Confrontée à un manque permanent de conducteurs, la société flamande De Lijn explore toutes les pistes. Faute de personnel suffisant, elle a dû supprimer près de 40.000 trajets en 2018, soit deux fois plus qu'en 2017. Avec, en plus, les grèves et autres arrêts de travail, le total grimpe à 200.000, ce qui fait, si l'on compte en moyenne 10 clients potentiels par trajet, deux millions de personnes insatisfaites du service fourni par la société de transports publics flamande.
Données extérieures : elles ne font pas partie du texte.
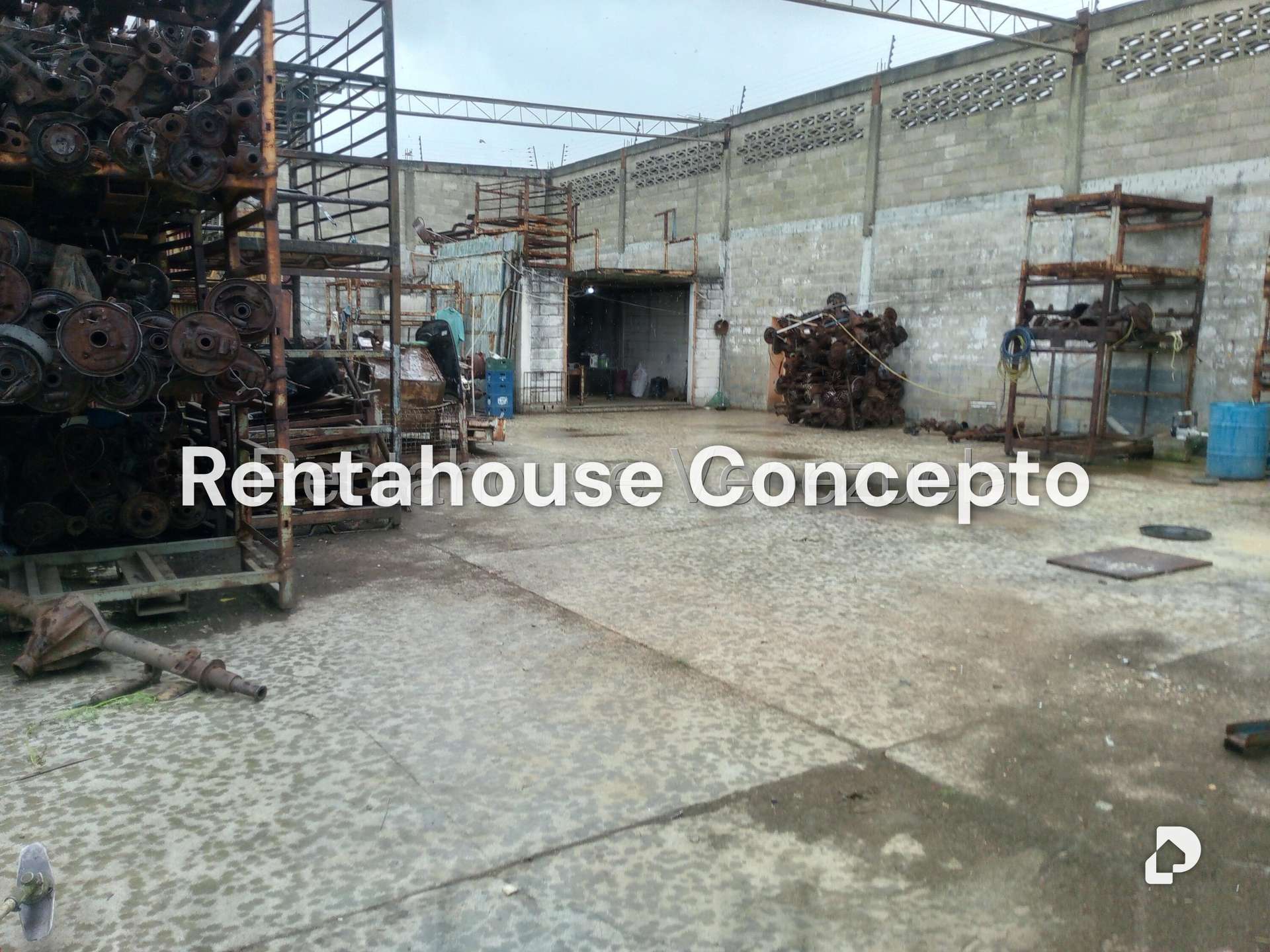 Local comercial en Lizandro Alvarado, Valencia – 13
Conducteur de bus semble aujourd'hui devenu un métier en pénurie. Toutes campagnes de recrutement confondues, il reste toujours 120 places ouvertes sur les 570 à pourvoir. Certes, en région anversoise ainsi que dans le Brabant flamand, la concurrence est rude. Les entreprises liées au port d'une part ou à l'aéroport d'autre part, se montrent nettement plus généreuses. Mais cette concurrence, indéniable, n'explique pas tout. A Bruxelles, par exemple, la Stib parvient à remplir sans problème ses cadres. " Choisir entre une Stib certifiée pour la quatrième fois Top Employer et De Lijn, où la misère est permanente, la question ne se pose même pas ", commente, désabusé, un administrateur. Les salaires doivent augmenter, c'est indubitable, renchérit un syndicaliste. Mais ce n'est pas tout. " Il faut aussi revoir les conditions de travail, à commencer par les horaires, la charge de travail, ainsi que l'hyper flexibilité actuellement exigée de chaque travailleur ", ajoute-t-il.